FP traps (do NOT re-run these / filter required)

Dork	Total	Trap
`http.html:"chatterbox"`	96	FP SWAMP. Collides with `chatterboxwalls.com` (photo wall art), `entermediadb` DAM product, LexisNexis Digital Library, TSLM Dashboard. Single-keyword collision (Garak/Whisper lesson). Use `http.title:"Chatterbox TTS"`.
`http.html:"rvc-webui"`	4	FP — all Beijing Volcano Engine (ByteDance). Primary source: `:8000/openapi.json` title = `北京open ai relay 服务器` (Beijing OpenAI RELAY server, LLM proxy), NOT RVC. The `rvc-webui` string was incidental HTML. Would falsely confirm 11x-CVSS-9.8 RCE. Verify against `:7865/` Gradio root, not the html string.
`http.html:"so-vits-svc"`	2	FP — both CN music-platform marketing pages (Auralink, stfdlnb.cn). so-vits-svc proper is Gradio/JSON, Shodan-dark.
`http.html:"GPT-SoVITS"`	22	brand-dork, page-1 mostly FP (PixivTranslate, dir listings, AI SaaS). Ports 80/8800/8000, NOT 9880. The mentions index; the API does not.

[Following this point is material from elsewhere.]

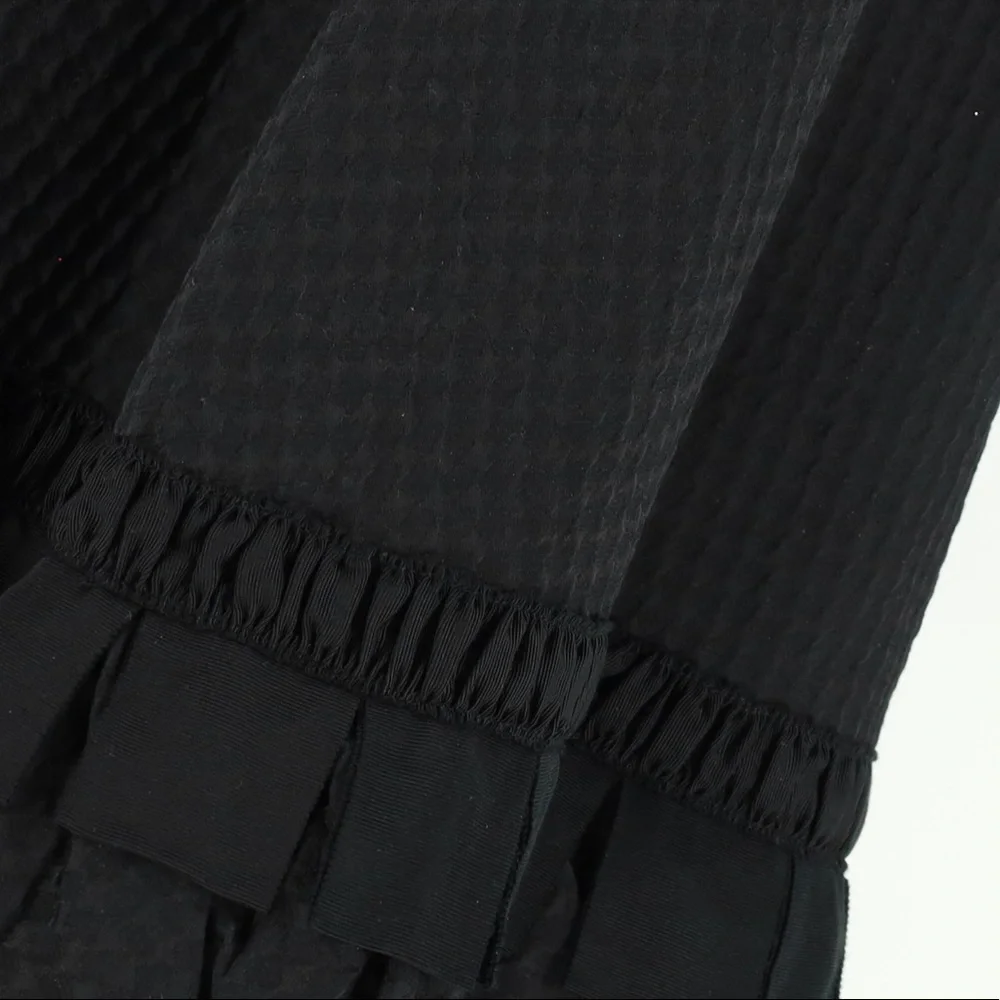 Max Studio Leon‎ Max Limited Edition Textured Ruffle Hem Skirt Size 4 Lined $458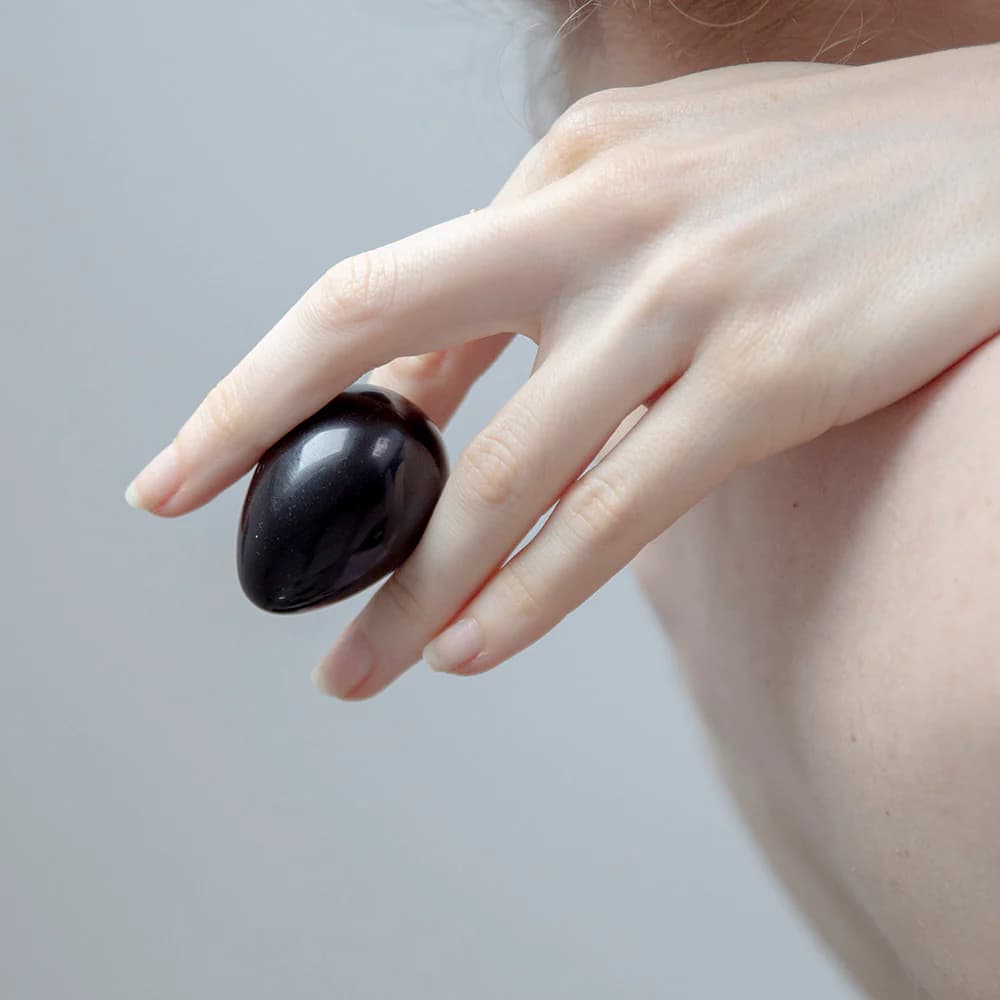 Chakrubs Xaga Yoni Egg Obsidian (drilled) thumbnail 4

Shodan-dark (0 results = the RCE/PII surfaces are unmappable passively — Insight #67)

Dork	Total	Why dark
`http.html:"GPT-SoVITS" port:9880`	0	API JSON-only root; 5x critical CVE surface invisible
`port:8899 http.html:"Orpheus"`	0	Orpheus API JSON-only
`http.title:"Orpheus TTS"`	0	variant space exhausted — Orpheus fully dark
`port:8880 http.html:"/dev/captioned_speech"`	0	Kokoro unique path not in indexed HTML
`http.html:"system_health" http.html:"active_batch_requests"`	0	Deepgram `/v1/status` JSON not crawled
`port:9090 "WhisperLive"`	0	WS JSONL not indexed; 9090 = Prometheus territory

To survey the RCE population (GPT-SoVITS/RVC): masscan ports 9880/7865/7860 across tier-2 cloud, fingerprint by JSON API shape. Shodan only shows the demo-UI minority.